But surely the lesson of Sinai was particularly that the people needed a mediator as sinners - breakers of the Covenant of Works - rather than that they needed God to be mediated to them as creatures?

Adam and Eve, before the Fall, never had such a lesson from God that they needed His revelation of Himself to be mediated to them _qua_ sinless human beings. 

Also Adam himself -in some senses - mediated God to the creation and the creation to God, as prophet, priest and king, anticipating Moses role, and being fulfilled in Christ, the Last Adam.

I'm not disputing or arguing with anything you're saying, Bruce, but rather exploring this subject and learning from what you're saying.


----------



## Contra_Mundum (Apr 15, 2013)

Richard,
First, please don't worry that I dislike people opposing some opinion I hold. Or contradicting me. I have issues only with people who ignorantly assume that anything they don't agree with must be a stupid view.

2) I agree that a lesson taught at Sinai is that people are sinners, and cannot make a successful covenant (of works) with God. But these are lessons that _come out of_ the event. They belong to the event, God certainly intends such lessons; but I think Israel starts out this meeting being taught the most basic of relations: creature to Creator. One of the great insights of the Reformation (you may find it in Calvin), is that the Exodus and Sinai are the "birth" of this nation. Israel is a child. "Out of Egypt I called my son." The distance between the Progenitor (God) and his infant must be both manifested and overcome.

And yes, the child must be taught about his rebellious nature. But, he comes (say I) to know this about himself not because God in the first place is, by the very manner of revelation, trying to make the child feel *worthless* and *guilty*. If we think about human parental relations with their children, I'd think that such an "introduction" would be a particularly bad form of parenting. On the other hand, if God actually IS in his nature just this very smoking, holy and dread-inducing Being, then it is salutary for the creature to begin with such an understanding. Man is _relatively_ insignificant, but he has _worth_ because God is entering into covenant with him.

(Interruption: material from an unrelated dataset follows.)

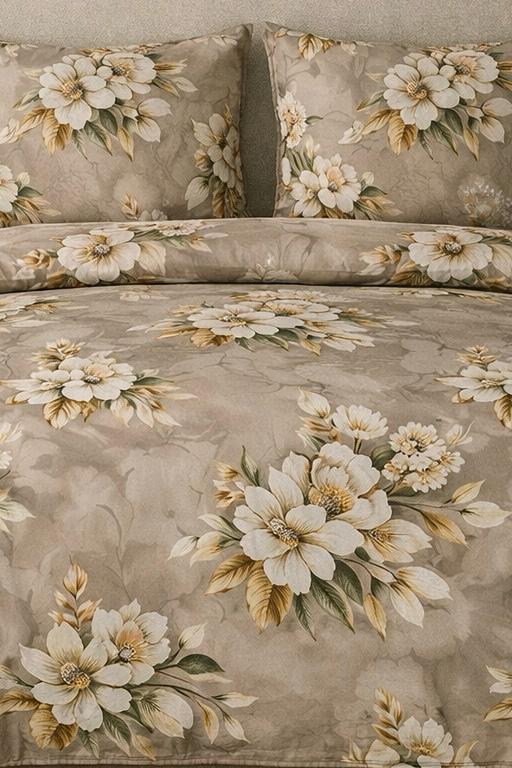 Luxury Floral Bed Sheet Set – Elegant Beige & Gold Design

3) I think Adam and Eve _*DID*_ have a lesson from God about necessary mediation, besides the fact that this knowledge was innate in them as unfallen. The lesson is plain in the sacramental Trees. Why does man need symbols, if he could just approach God in his essence and get the information first-hand? I'd even say that _*the spoken word of God*_ is a form of mediation. Our souls or minds don't enter directly into the mind of God to know him or know what he knows. His word is intimate, no question and thank God for it. But it is still accommodated revelation. We cannot know God in his pure divine essence.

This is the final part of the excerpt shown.